The number of women in leadership positions in the global climate change negotiations under the UN Framework Convention on Climate Change (UNFCCC), such as presiding officers, co-chairs and co-facilitators of contact groups, or chairs and vice-chairs of constituted bodies, continues to lag behind considerably compared to the number of men in such positions. The ratio of women in the overall composition of these bodies also remains low.
Although the situation is slowly improving, progress is slow and fragile. The 2020 gender composition report prepared by the UNFCCC Secretariat noted that the trend towards more gender-balanced bodies that was reported in 2018 reversed in 2019 and 2020.
In 2021, the representation of women increased in four constituted bodies, decreased in four and remained unchanged in eight.

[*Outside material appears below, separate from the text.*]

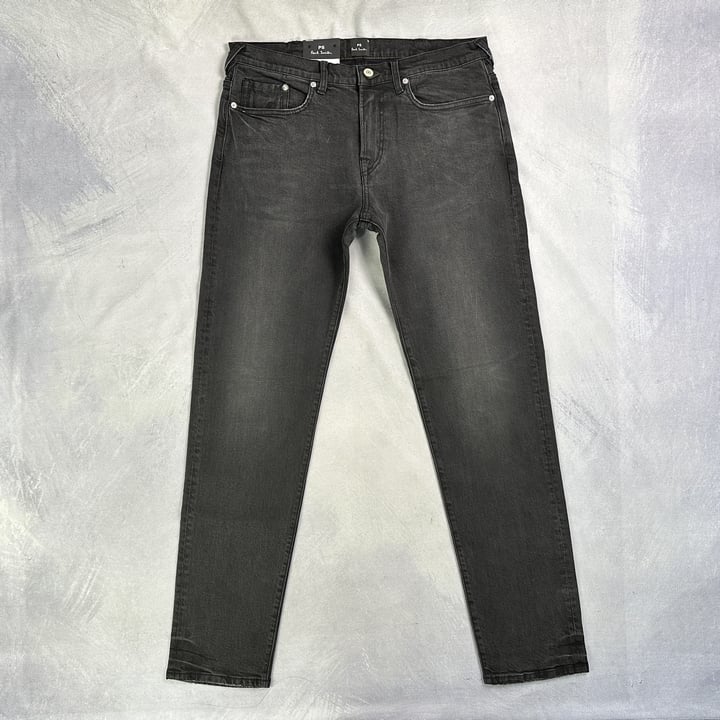 Paul Smith Men'S Tapered Fit Jean. Size: 32, Made From: 99% Organic Cotton 1% Polyurethane. Rrp: £155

Three constituted bodies reported having achieved the goal of gender balance compared with two in 2020. Of these three constituted bodies, two reported equal representation of women and men (both 50 per cent) and the other reported female representation of 63 per cent. On average, female members of constituted bodies occupied 33% of all the positions in a body in 2021, as in 2020. There are certain bodies where women participation is even lower, such as the Clean Development Mechanism Executive Board and the Katowice Committee of Experts on the Impacts of the Implementation of Response Measures (see Table 1 below).

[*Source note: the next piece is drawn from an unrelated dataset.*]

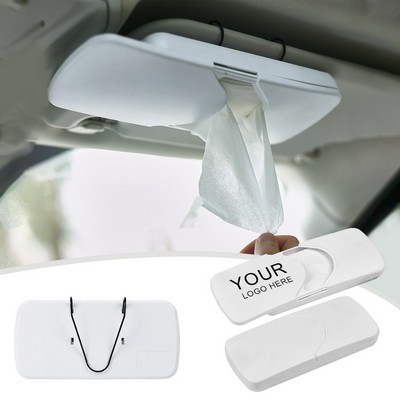 Sun Visor Car Tissue Box Set 30 Sheets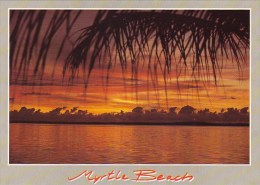 Romantic Sunset In Beautiful Myrtle Beach Carolina - Myrtle Beach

Recognising this imbalance, UNFCCC Decisions 21/CP.22 and 3/CP.23, the COP noted the urgent need to improve the representation of women in all bodies established under the Convention, the Kyoto Protocol and the Paris Agreement. A key priority of the 2019 Gender Action Plan (Decision 3/CP.25) is also to “achieve and sustain the full, equal and meaningful participation of women in the UNFCCC process“.
However, there are currently few regular opportunities for women negotiators holding leadership positions in the UNFCCC process to meet to exchange knowledge and experiences; support each other; and work with other women negotiators in the process to achieve gender balance in the leadership and overall composition of UNFCCC bodies.

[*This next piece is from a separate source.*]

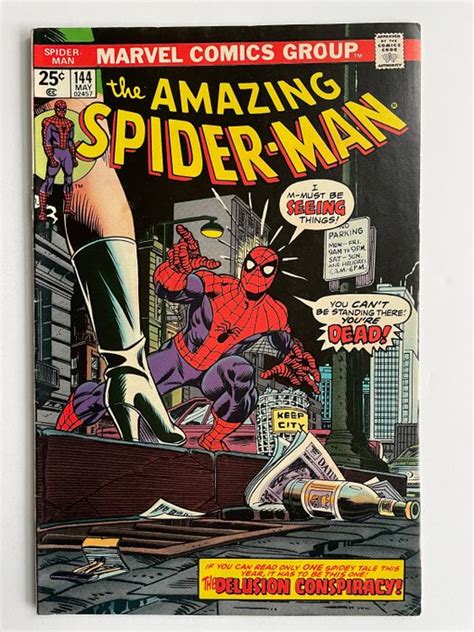 The Amazing Spider Man 144 Cyclone Gwen Stacy Clone Catawiki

The Women Leaders Network of the UNFCCC aims to provide such opportunities. Networks are an important tool to support career development through the sharing of knowledge and experience. They can create and foster a sense of belonging; serve as a support system to bolster confidence and help with problem solving; and provide encouragement to women negotiators to take on positions of leadership.
The Network provides opportunities for women negotiators holding leadership positions in the UNFCCC process to meet and exchange knowledge and experiences; support each other; and work with other women negotiators in the process to achieve gender balance in the leadership and overall composition of UNFCCC bodies. Network members also mentor female negotiators from developing countries.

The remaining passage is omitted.